● TASK STATEMENT
An exact repetition of the data below, without images, is the expected answer.

** Opening SUPPLIED DATA block **

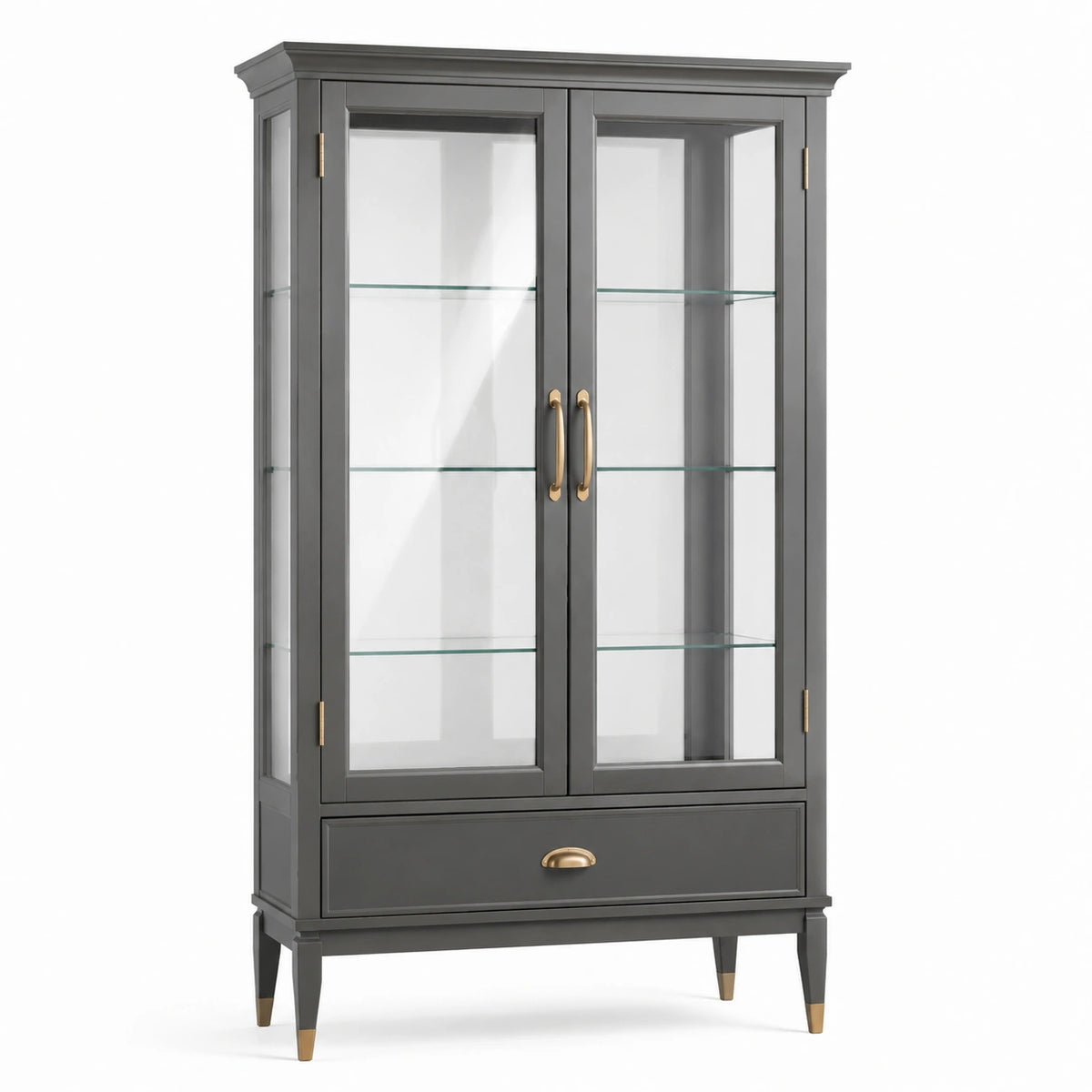 Vitrine 100 x 45 x 190 cm en bois gris avec portes vitrées style classique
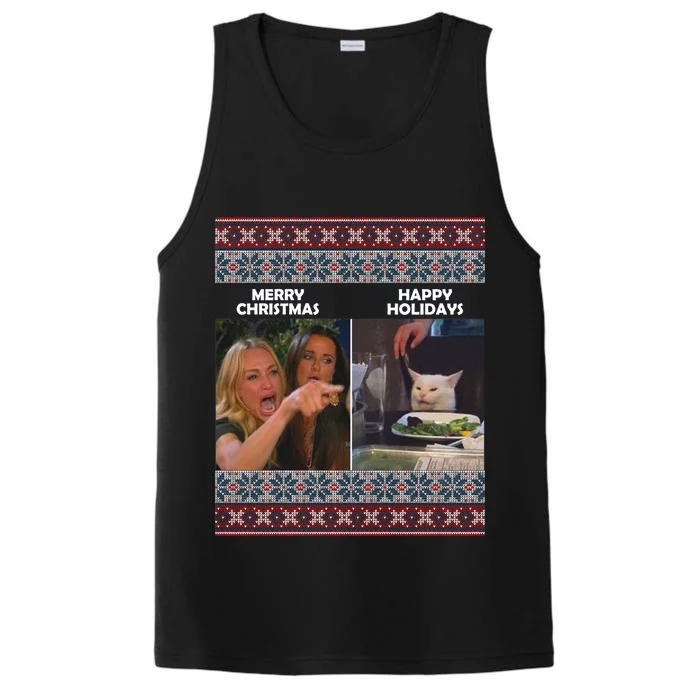 Yelling Cat Meme Christmas Sweater Funny Performance Tank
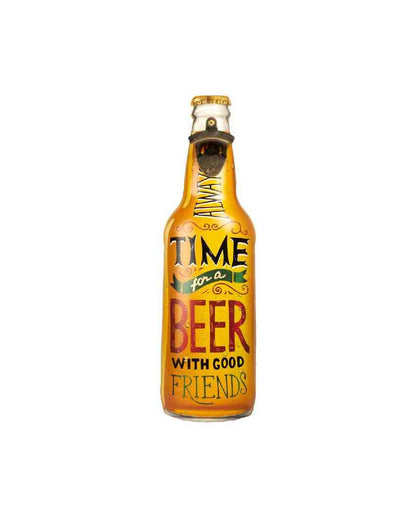 Always Time For a Beer Metal Bottle Opener Wall Art | Yellow| 48 x 38 cm/19 x 6 inches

** Closing SUPPLIED DATA block **

● TASK OUTPUT
 Vitrine 100 x 45 x 190 cm en bois gris avec portes vitrées style classique
 Yelling Cat Meme Christmas Sweater Funny Performance Tank
 Always Time For a Beer Metal Bottle Opener Wall Art | Yellow| 48 x 38 cm/19 x 6 inches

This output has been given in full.